Thus the usually applied organic standard that untreated manure must be aged before application to food crops is consistent with this principle, and should be strictly adhered to. Allowing time for proper maturation (curing) of compost is also important. Two to four month curing times have been suggested for backyard composts to rid them of 0157 (22).

It is very important not to reintroduce pathogens into matured compost by mixing it with uncomposted or immature compost.

Aeration, independent of heating, appears to suppress 0157 in manure. Kudva et al. (6) found 0157 after more than one year in a non-aerated ovine manure pile, however in experimentally aerated ovine and bovine manure, it was not found after 4 months and 47 days respectively. The aerated piles were small, and the authors speculated that drying cycles were responsible for pathogen reduction; they remarked that "E. coli O157:H7 was never recovered from the dry top layer of any manure pile."
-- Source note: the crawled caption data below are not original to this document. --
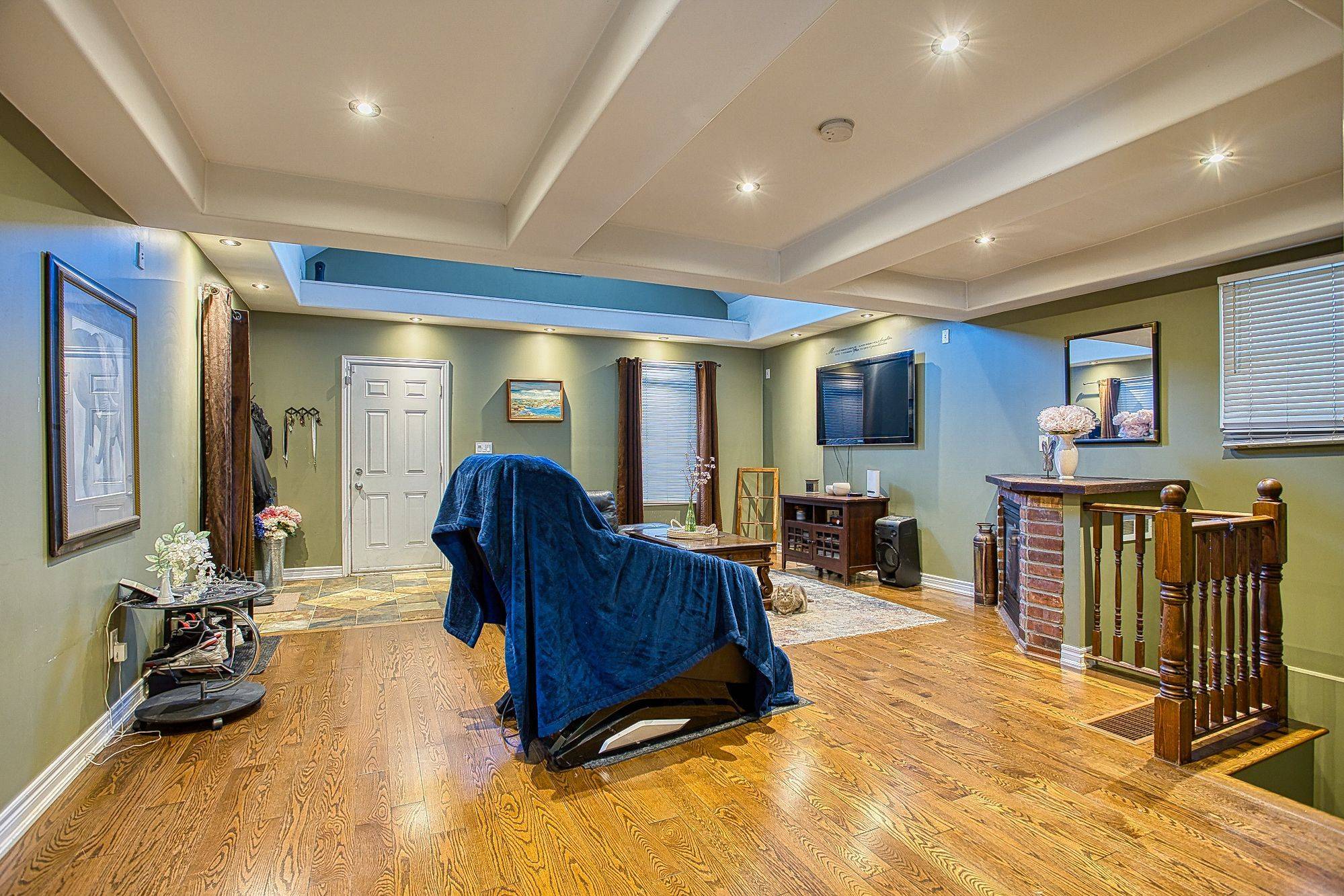 227 Beach RD, Hamilton, ON L8L 4A9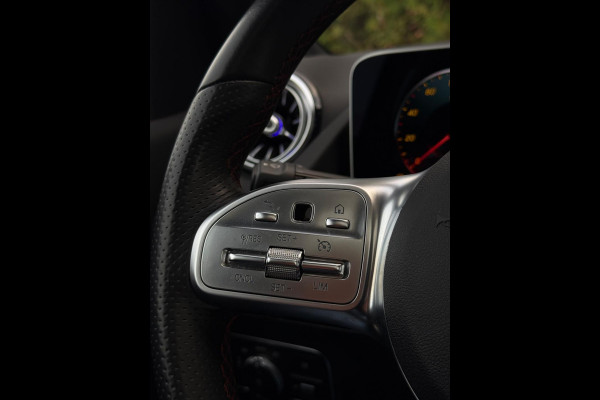 Mercedes-Benz B-Klasse B200 AMG Line Premium Plus Mercedes-Benz B-Klasse B200 AMG Line Premium Plus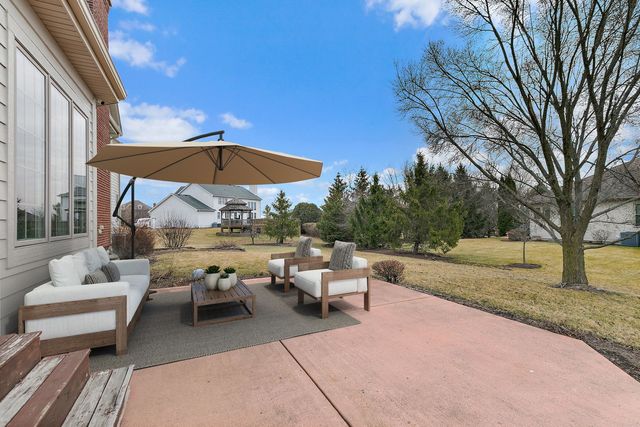 1211 Coyote Trail, Hampshire, IL 60140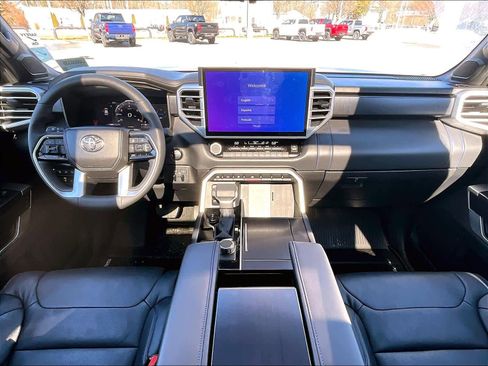 Used 2025 Toyota Sequoia Platinum image 22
In the discussion section of their paper, Kudva et al. (6) attribute some of the increase in food borne pathogens to the increased density of animals on farms and the development of quick methods for disposal of wastes, notably use of slurries versus traditional methods employing bedding and composting. They remark that "Farm effluents should be contained in holding tanks with proper aeration for appropriate lengths of time (1 to 3 months or as required) before being used as fertilizers... Improperly incubated and/or stored slurry can serve as a vehicle for environmental spread and propagation of pathogens that may include E. coli O157:H7."

Composting and curing, aging of uncomposted manure and aeration of slurries are obviously important for use on food crops, but may be important even for forage crops in order to reduce levels of 0157 in livestock. E. coli 0157 survives much longer in manure products than in the live animals, and thus manure contaminated materials are suspected to be a reservoir of 0157 for reinfection of livestock (6). Contradicting this expectation, one study found that application of manure to forage crops was not associated with prevalence of E coli 0157, nor was feeding on pasture versus feeding on dry lots (23). Nevertheless, until there is much more conclusive evidence on this score, a highly precautionary approach seems advisable.

Feed and Water

Drinking water for livestock has been clearly demonstrated as a conduit and possibly the main conduit for transmission of 0157 from one animal to another, and it appears that water can be contaminated by oral contact alone (24). Dale Hancock at Washington State University, who has conducted extensive research into the occurrence of 0157 on farms is convinced that survival and multiplication in feed and water troughs are major factors affecting levels on the farm. He is cited (13) as offering these two "top tips":

Also, there is some evidence to suggest that use of small water reservoirs with frequent refilling is less conducive to 0157 than use of large reservoirs (24).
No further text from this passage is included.